Commercial Break: Buy this and prove the sword world wrong

15 July 2011

“The sword world continues to overlook, in my opinion, the efficiency and power and... majesty of this great sword.”

That’s the proud boast in this QVC-esque advert for a mighty piece of cold steel, as presented by a Bill Werbenuik lookalike. See how it deals with pieces of beef, a block of ice, a pair of boots, some pig carcasses and a bin that's been filled to the brim with green water.

It stabs, hacks, crushes and breaks and as Bill says, what more do you want from a sword? Exactly!

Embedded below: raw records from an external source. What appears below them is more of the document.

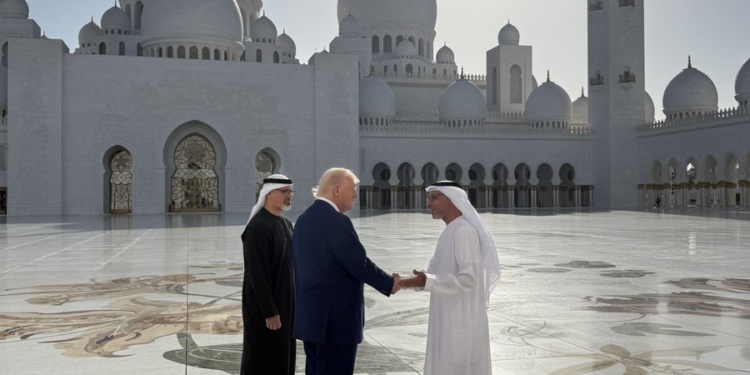 USA2598. ABU DABI (EMIRATOS ÁRABES UNIDOS), 15/05/2025.- Fotografía publicada en la cuenta oficial de Margo Martin (@MargoMartin47), la asistente especial del presidente y asesora de comunicaciones, donde aparece el presidente estadounidense, Donald Trump (c), conversando con el presidente de Emiratos, Mohamed bin Zayed Al Nahyan (d), durante una visita realizada este jueves a la gran mezquita Sheikh Zayed en Abu Dabi (Emiratos Árabes Unidos). El presidente de Estados Unidos, Donald Trump, llegó a Abu Dabi, la capital de Emiratos Árabes Unidos (EAU), en la última parada de su gira por Oriente Medio, la primera que realiza en su nuevo mandato tras visitar Arabia Saudí y Catar. EFE/@MargoMartin47 /SOLO USO EDITORIAL /NO VENTAS /SOLO DISPONIBLE PARA ILUSTRAR LA NOTICIA QUE ACOMPAÑA /CRÉDITO OBLIGATORIO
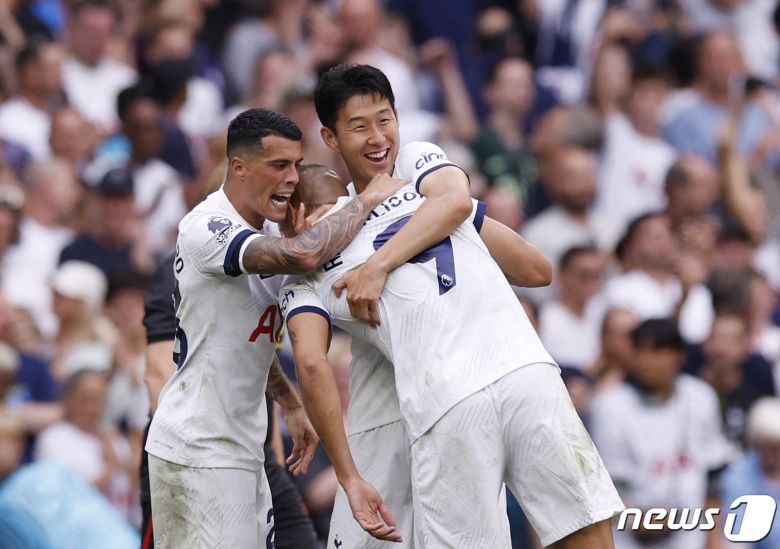 토트넘 홋스퍼의 손흥민이 16일(현지시간) 런던의 토트넘 홋스퍼 스타디움에서 열린 EPL 셰필드 유나이티드와 경기를 승리로 마친 뒤 히샬리송, 페드로 포로와 기뻐하고 있다. 2023.9.17 ⓒ 로이터=뉴스1 ⓒ News1 우동명 기자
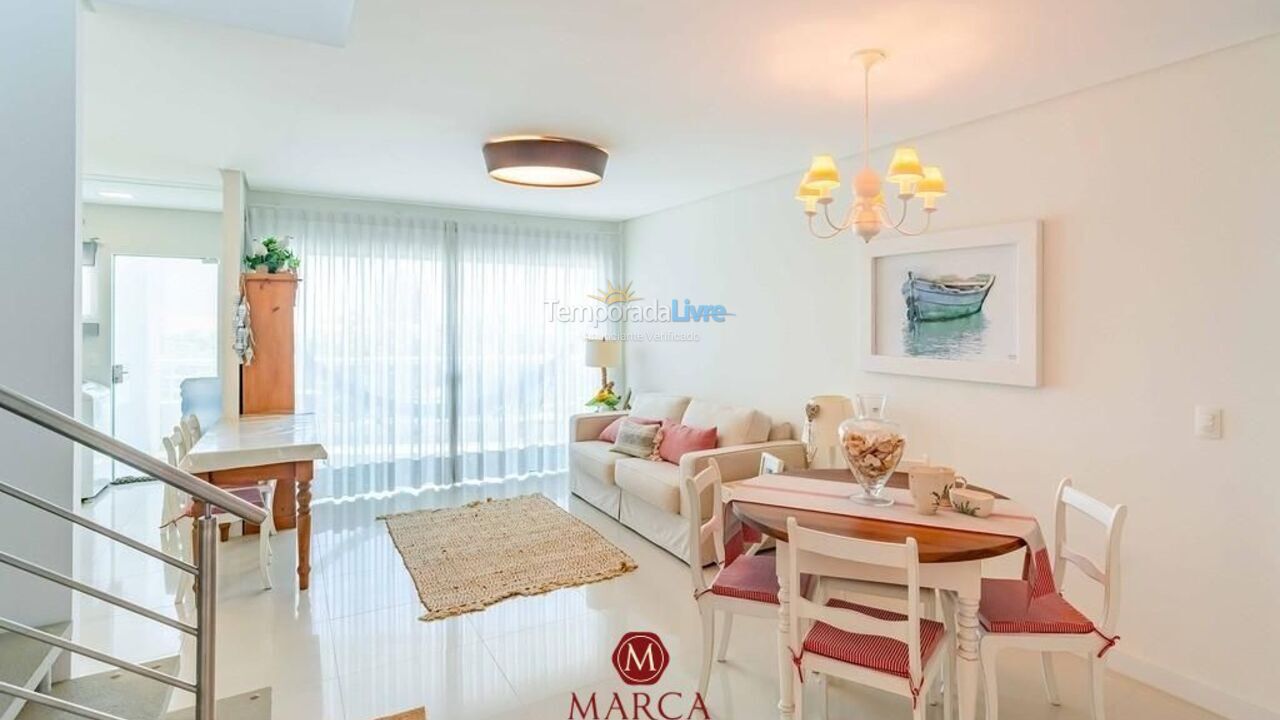 Apartamento para aluguel de temporada em Bombinhas (Canto Grande)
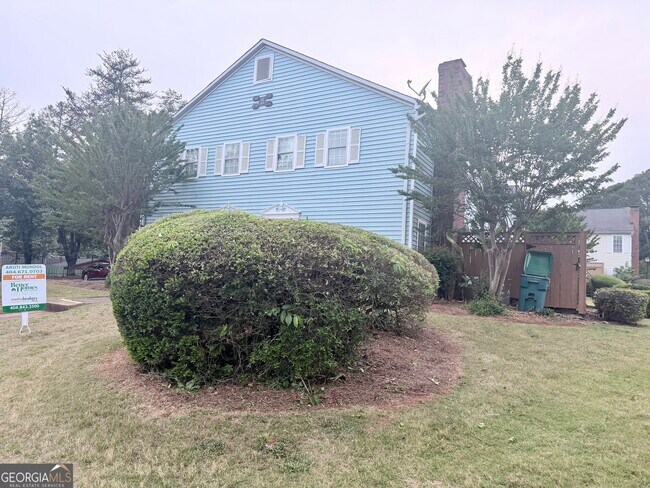 Foto del edificio - 6004 Green Yard Way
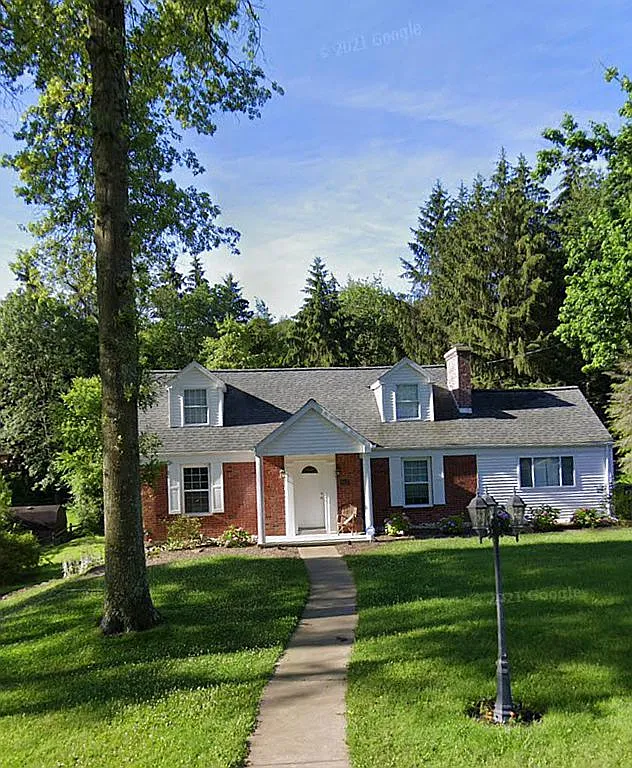 203 Arborwood Dr photo 1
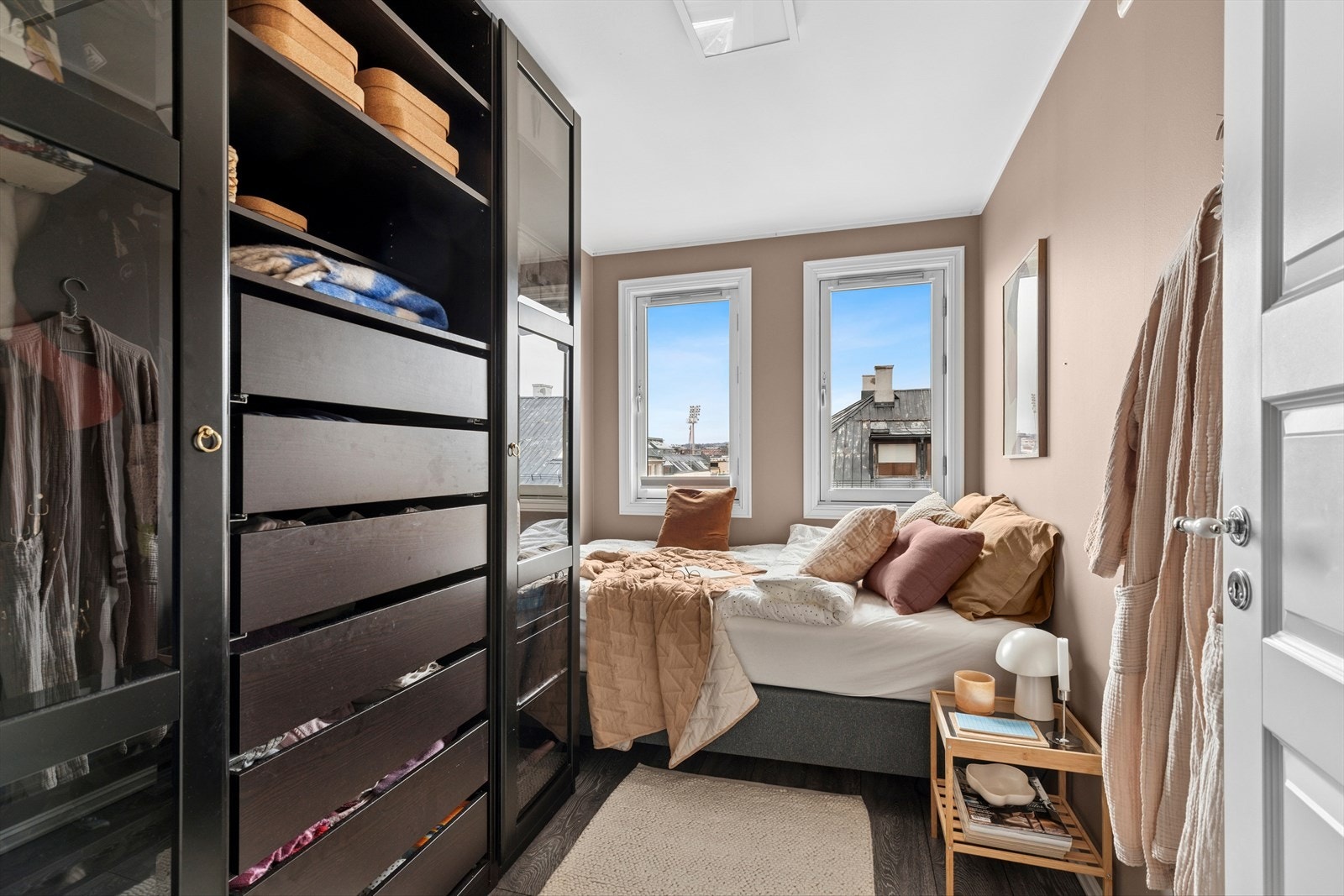 Soverom nr. 1 har god plass til seng og garderobeløsning. Galleribilde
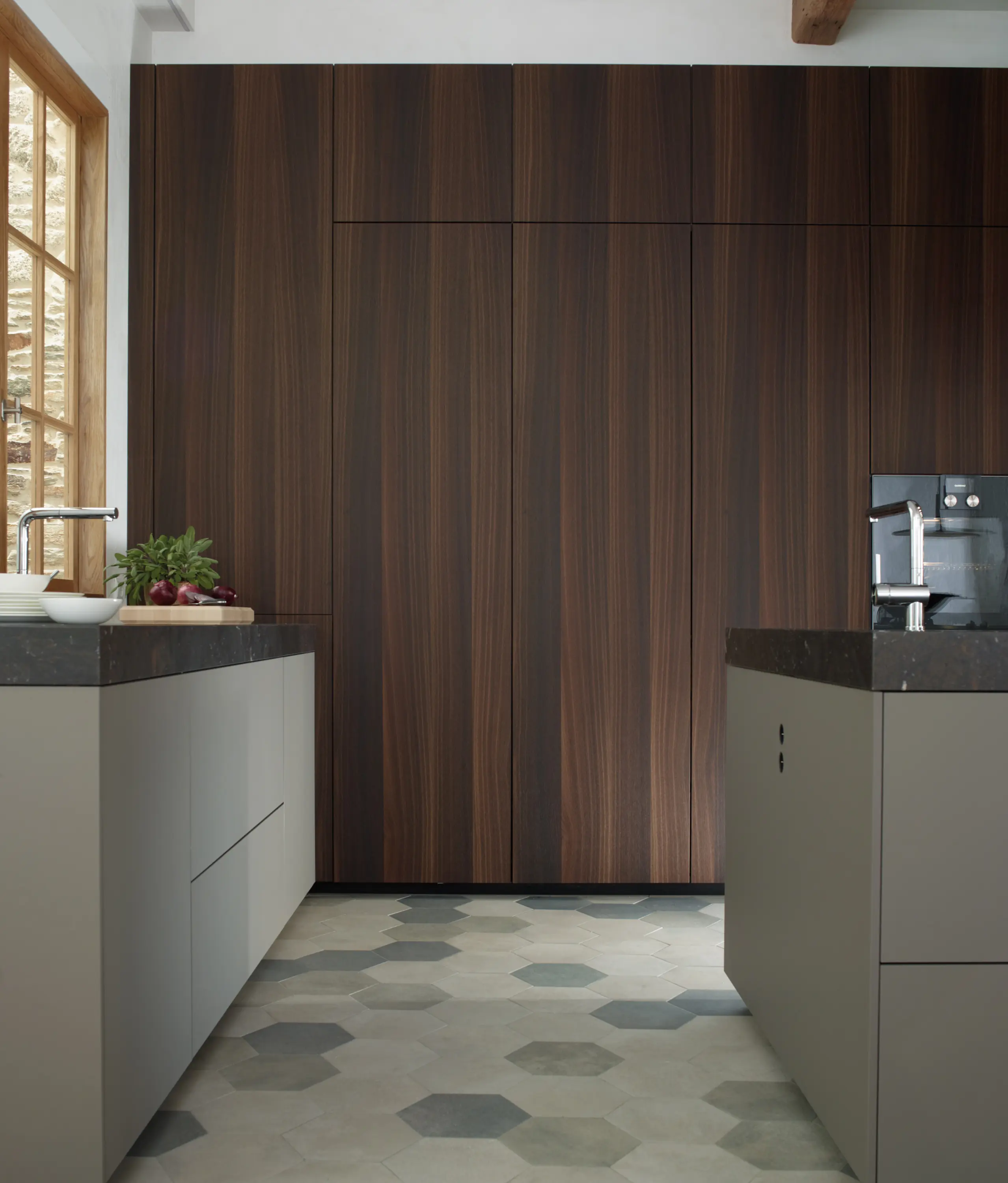 Santos - FINE Retractable tall unit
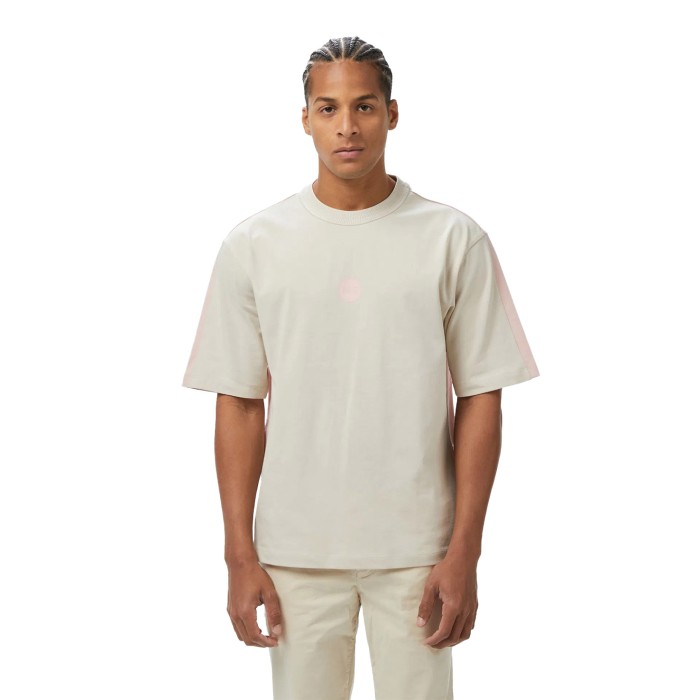 футболка t-shirt UNMISAWAPUDRA фотография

You all HAVE swords right? Swords!

[BoingBoing via @james_blue_cat)

TOPICS:   Advertising


  • Stringer B.
    I wasn't convinced until they popped the balloon... now I'm definitely getting one.
  • Marky M.
    Note to brain: never, ever go to America.
  • The B.
    I befriended a couple of dudes from "Kiss My Axe" when I used to work at Glastonbury Festival, they had some very nice swords they let me play with, I prefer a good chainsaw myself but swords are a good second choice.
  • Darren
    Rubbish, They did not do the Iphone4/Ipad 2 Test. At the end of the day, smashing that kinda I-crap to pieces is the only worthwhile thing with a sword like that. D
  • Steve
    Hmm, not sure about two-handed swords - they slow you down a bit...
  • Will
    I lol'd at the pig that cut halfedvia the nut sack. Quality stuff.
  • slasher
    i now understand why the yanks declined joey barton a visa, imagine the terror he would inflict on the opposition with that majestic sword.
  • Big C.
    I want to fuck those guys wives - just to see what happens when they find out.
  • Boris
    Let the ugly fat man face me with my Daishō. He will taste his own blood as he begs for mercy. There can be only one!
  • MIke U.
    My name is Duncan Macleod from the clan Macleod and yooove got ma facking sword!!!
  • Grey5cale
    what a fucking waste of perfectly good meat
  • Milky
    I've temporarily mislaid my kitchen scissors & i've got a pound of linked sausages (lamb & mint) that need cutting & the oven is on pre-heat right now! it's a bit urgent, will this be up to the job mr fat salesman. Incidentally, if you put one of these by the front door to scare intruders make sure your hallway & door are wide enough to swing with or your "burglarizin neighbour" will simply use his pike & shield to force you back, who knows he may actually be real & not a plywood "armoured man cut out". Whilst pikes & shields may be the current concealed weapon of choice of British Knight "trainer wearing neds, they still have potential even in an alco-popped fuelled 14 yr old ned's hands
  • Boris
    I have met the ugly fat man and he has met his chunky fate. On an unrelated matter I have 50 kg of fresh pork for sale. Some select cuts, plenty of mince and just one tiny sausage. Offers to the usual address.
  • qwertyuiop
    Someone needs to tell Cold Steel that having a fat fuck in a shirt and tie combo flailing around a sword in slow motion is NOT a good look and NOT a good way to sell a product. I'm suddenly reminded of the fat retarded kid who was a temporary youtube hit twirling round a cardboard tube pretending he was Darth Maul.
  • Eurocrap
    Is it me or is there a hidden message for the Pigs of this world, you know who you are! If issued there could be a double whammy in giving all the fat fuckers a heart attack. Well, it's certainly made the Tasers redundant.
  • Dick
    Why the fuck doesn't he try it out on a person. I reckon you could do some damage with that. You might even get someone's eye out waving it about.